Er sei zwar zu alt, um als Comeback-"Kid" bezeichnet zu werden, scherzte der 71-Jährige John Mccain in der Stadt Nashua vor seinen Fans. "Aber wir haben dem Land gezeigt, was ein echtes Comeback ist." Die Fans gaben ihm recht und skandierten immer wieder: "Mac is back, Mac is back"
Doch John McCain hat sein Sieg hart erarbeitet. Nachdem seine Präsidentschafts-Kampagne im vergangenen Sommer zu scheitern drohte, hatten die US-Medien ihn schon abgeschrieben. Ohne ausreichende finanzielle Mittel, entschied sich McCain vor einem halben Jahr dafür, alles aufs selbe Pferd zu setzten.

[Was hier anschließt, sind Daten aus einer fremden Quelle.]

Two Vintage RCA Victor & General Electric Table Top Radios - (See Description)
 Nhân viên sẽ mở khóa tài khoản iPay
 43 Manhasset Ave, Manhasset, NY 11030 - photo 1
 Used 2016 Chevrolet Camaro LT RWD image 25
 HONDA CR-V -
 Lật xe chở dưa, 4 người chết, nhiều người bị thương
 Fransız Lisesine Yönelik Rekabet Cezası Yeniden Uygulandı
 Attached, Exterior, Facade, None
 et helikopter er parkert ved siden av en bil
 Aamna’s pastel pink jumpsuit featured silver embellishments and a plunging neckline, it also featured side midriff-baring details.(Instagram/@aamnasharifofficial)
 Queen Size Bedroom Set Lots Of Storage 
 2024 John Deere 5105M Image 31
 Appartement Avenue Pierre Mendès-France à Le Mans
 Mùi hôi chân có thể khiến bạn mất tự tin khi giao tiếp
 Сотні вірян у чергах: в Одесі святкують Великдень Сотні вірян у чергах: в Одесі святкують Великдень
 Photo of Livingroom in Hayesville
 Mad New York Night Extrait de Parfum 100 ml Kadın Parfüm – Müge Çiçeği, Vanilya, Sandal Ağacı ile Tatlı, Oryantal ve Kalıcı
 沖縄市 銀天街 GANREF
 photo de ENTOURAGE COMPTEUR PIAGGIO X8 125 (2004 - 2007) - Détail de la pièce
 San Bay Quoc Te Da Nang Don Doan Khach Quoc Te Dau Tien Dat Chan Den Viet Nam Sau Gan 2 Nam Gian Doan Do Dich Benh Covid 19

Er konzentrierte sich nahezu ausschließlich auf New Hampshire, um seine Ressourcen zu schonen. Nach den polarisierenden Bush-Jahren bediente er konsequent die Sehnsucht der Republikaner nach Kompetenz in der Außen- und Sicherheitspolitik, in der er mehr Erfahrung hat als alle seine republikanischen Mitbewerber.
Nach der Irak-Invasion 2003 hatte sich McCain, der Vietnamkriegs-Veteran, mutig gegen die eigene Partei gestellt: Die Strategie gehe nicht auf, die Zahl der US-Soldaten im Irak sei zu niedrig. Erst vor einem Jahr folgte Bush dem Vorschlag Mccains und stockte die Truppen auf. Seitdem hat sich die Lage dort beruhigt. Ebenfalls eine riskante Strategie, trat McCain in New Hampshire als Mann mit Prinzipien auf. Er wolle an dem unpopulären Einsatz im Irak festhalten, sagte er dem Publkum.
Mit einem beachtlichen Vorsprung von 37 Prozent Zustimmung vor seinem Rivalen Mitt Romney mit 32 Prozent, läßt es sich für McCains "Straight Talk-Express" gut weiterfahren. Mit diesem sogenannten "Tacheles-Bus" war McCain bereits im Wahljahr 2000 durch New Hampshire getourt, so erfolgreich, dass er damals in dem kleinen Bundesstaat glatt gegen George W. Bush gewonnen hatte. Problematisch, sagen viele Kommentatoren, ist sein fortgeschrittenes Alter. Gegen seine ebenfalls keineswegs jugendlichen Rivalen Mitt Romney und Rudy Giuliani, wirkt McCain schlicht alt. Anstatt sich darüber Gedanken zu machen, kündigte der ehemalige Kampfpilot noch am Wahlabend an, nun fest die nächsten Vorwahlstaaten Michigan und Nevada im Visier zu haben. In Michigan, Romneys Heimatstaat, will McCain den Mormonen kommenden Dienstag zur Strecke bringen. Ihn dürfte dort ein spannendes Kopf-and Kopf-Rennen erwarten, denn Romney kann dort mit vielen Sympathisanten rechnen, die sich gerne an seinen Vater, den zweimaligen Gouverneur von Michigan, erinnern. Wie großartig McCains Comeback tatsächlich ist, das wird sich daher schon in einer Woche zeigen.